── Input data ──

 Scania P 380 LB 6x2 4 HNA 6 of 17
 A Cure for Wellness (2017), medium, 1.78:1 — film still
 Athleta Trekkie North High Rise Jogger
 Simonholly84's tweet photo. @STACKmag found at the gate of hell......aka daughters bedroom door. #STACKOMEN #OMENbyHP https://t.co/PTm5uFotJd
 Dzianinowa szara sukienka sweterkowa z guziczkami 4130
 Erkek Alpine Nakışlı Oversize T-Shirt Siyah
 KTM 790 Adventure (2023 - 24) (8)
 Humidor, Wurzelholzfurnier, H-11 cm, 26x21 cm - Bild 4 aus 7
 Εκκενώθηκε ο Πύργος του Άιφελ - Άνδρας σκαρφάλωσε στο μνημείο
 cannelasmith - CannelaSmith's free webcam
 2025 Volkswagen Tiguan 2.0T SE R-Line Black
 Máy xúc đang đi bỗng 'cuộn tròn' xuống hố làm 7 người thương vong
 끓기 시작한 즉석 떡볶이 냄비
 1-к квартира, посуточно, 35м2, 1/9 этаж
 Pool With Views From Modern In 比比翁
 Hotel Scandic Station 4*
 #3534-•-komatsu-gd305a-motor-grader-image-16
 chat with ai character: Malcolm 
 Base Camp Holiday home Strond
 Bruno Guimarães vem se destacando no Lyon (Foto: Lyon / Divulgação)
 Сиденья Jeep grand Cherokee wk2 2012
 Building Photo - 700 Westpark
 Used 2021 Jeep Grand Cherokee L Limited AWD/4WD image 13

───

Exact reproduction is required: output the lines from the start of the entries above through the line with "Εκκενώθηκε ο Πύργος".

_Solution to this exercise_:
 Scania P 380 LB 6x2 4 HNA 6 of 17
 A Cure for Wellness (2017), medium, 1.78:1 — film still
 Athleta Trekkie North High Rise Jogger
 Simonholly84's tweet photo. @STACKmag found at the gate of hell......aka daughters bedroom door. #STACKOMEN #OMENbyHP https://t.co/PTm5uFotJd
 Dzianinowa szara sukienka sweterkowa z guziczkami 4130
 Erkek Alpine Nakışlı Oversize T-Shirt Siyah
 KTM 790 Adventure (2023 - 24) (8)
 Humidor, Wurzelholzfurnier, H-11 cm, 26x21 cm - Bild 4 aus 7
 Εκκενώθηκε ο Πύργος του Άιφελ - Άνδρας σκαρφάλωσε στο μνημείο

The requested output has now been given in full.